Governance policies for AI systems are often documented in spreadsheets, wiki pages, and slide decks that nobody enforces consistently. Policy as code converts these human-readable rules into executable checks that run automatically in the ML CI/CD pipeline. A model that violates a policy cannot be deployed because the pipeline blocks it, not because someone remembered to check.

Why Policies Must Be Code

Manual governance review does not scale. An organization deploying dozens of models across multiple teams cannot rely on a governance board to manually review every model promotion. Manual reviews are slow, inconsistent, and create bottlenecks. Executable policies run in seconds, apply consistently to every deployment, and produce auditable pass/fail records.

Policy Categories

Fairness constraints - Enforce that model predictions do not exceed a maximum disparity across protected groups. Define thresholds for demographic parity, equalized odds, or other fairness metrics. The pipeline evaluates these metrics on a held-out test set and blocks deployment if any threshold is violated.

Performance baselines - Require that a new model version meets minimum accuracy, latency, and throughput requirements before promotion. Prevent regressions by comparing against the currently deployed model.

Data quality gates - Validate that training data meets schema requirements, contains no prohibited data categories, and has been through required preprocessing steps. Check for data drift between training and serving distributions.

Security requirements - Enforce model artifact signing, dependency vulnerability scanning, and safe serialization formats. Block models that use pickle serialization or have unsigned weight files.

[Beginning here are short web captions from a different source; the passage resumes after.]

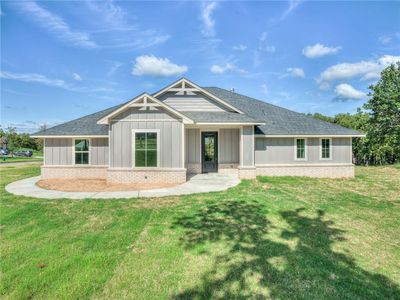 9517 Conners Way, McLoud, OK, 74851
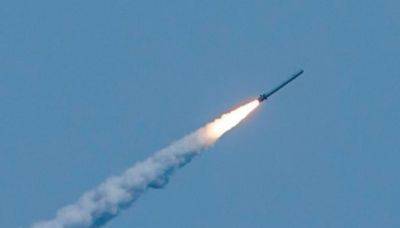 Ракетный удар по Запорожской области 12 сентября – что известно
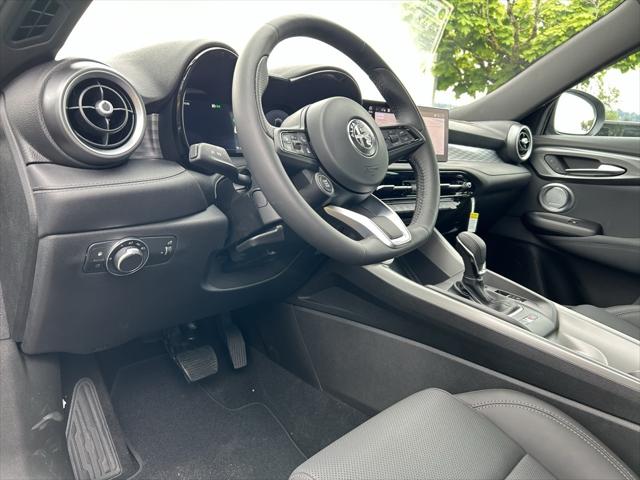2024 Alfa Romeo Tonale Ti EAWD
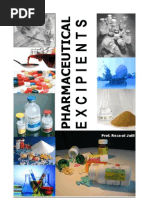 Download Pharmaceutical Excipients-boolket for Pharmacy Students by Raja Bhai SN55558161 doc pdf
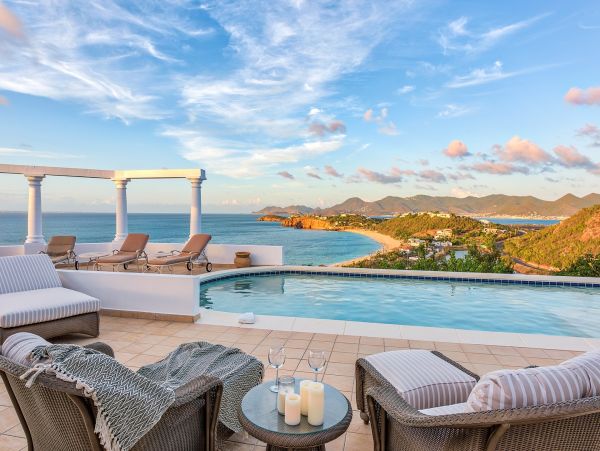Saint Maarten Saint Martin Home 985935
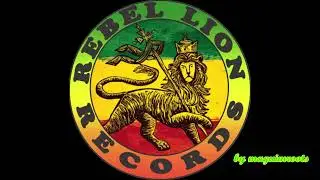 Owen Gray - Free Up Jah Jah Children, Horse Records-1975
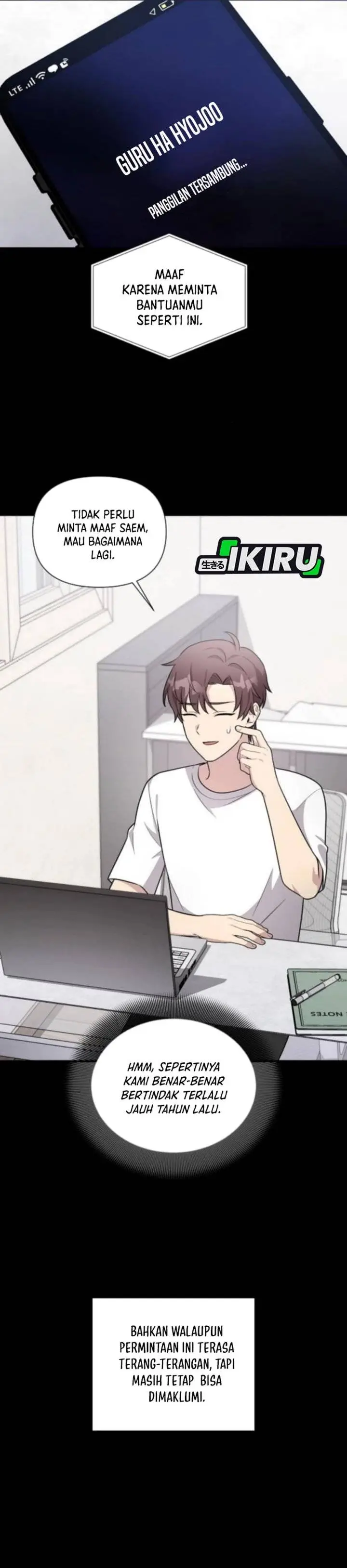 image-komik-my-younger-sister-was-a-genius-chapter-71-19/47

Documentation requirements - Require that model cards, data sheets, and risk assessments exist and are current before deployment. Check that required fields are populated, not just that the file exists.

Implementation with OPA

Open Policy Agent (OPA) is a widely adopted policy engine that evaluates policies written in Rego against structured input. Define your ML policies as Rego rules. Feed model metadata, evaluation results, and artifact manifests to OPA as input. OPA returns allow or deny decisions with explanations.

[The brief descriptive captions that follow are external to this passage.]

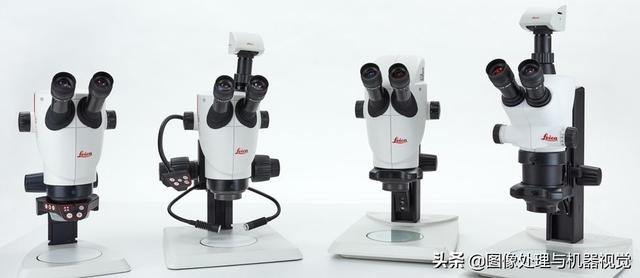 显微镜常见有哪几种(显微镜的分类和特点)(11)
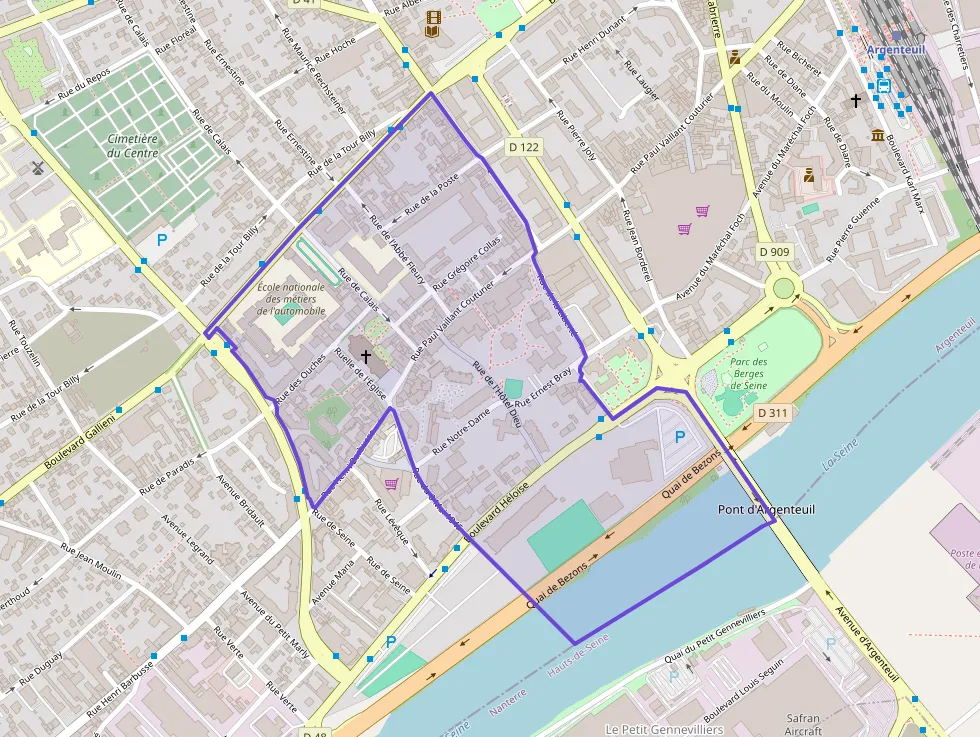 Property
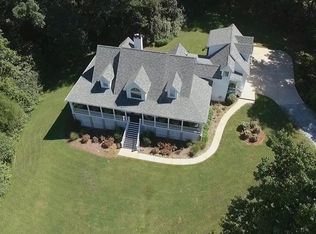 105 White Oaks Ln, Canton, GA 30115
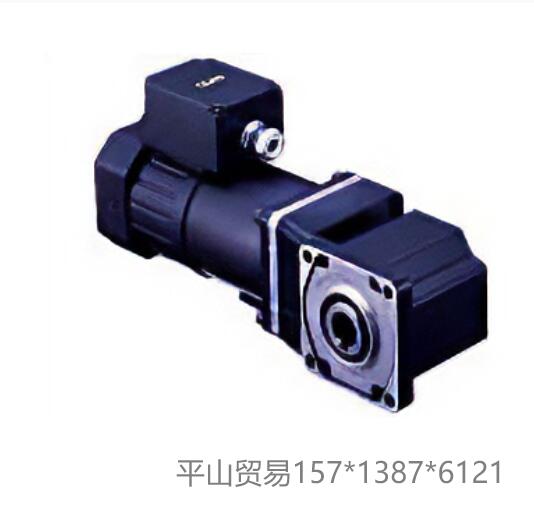 ORIENTALMOTOR东方马达BHI62SMT-75RH减速电机15713876121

Integrate OPA evaluation as a pipeline step between model evaluation and deployment. The pipeline collects all required metadata, submits it to OPA, and proceeds only if all policies pass. Failed policies generate detailed explanations that tell the model developer exactly what needs to be fixed.

Policy Lifecycle

Store policies in a version-controlled repository separate from model code. Policies have their own review and approval process. Policy changes trigger re-evaluation of all currently deployed models against the new rules. Alert model owners when their deployed models no longer comply with updated policies.

Track policy evaluation results as part of the audit trail. Auditors can query which policies were enforced at the time of any given model deployment.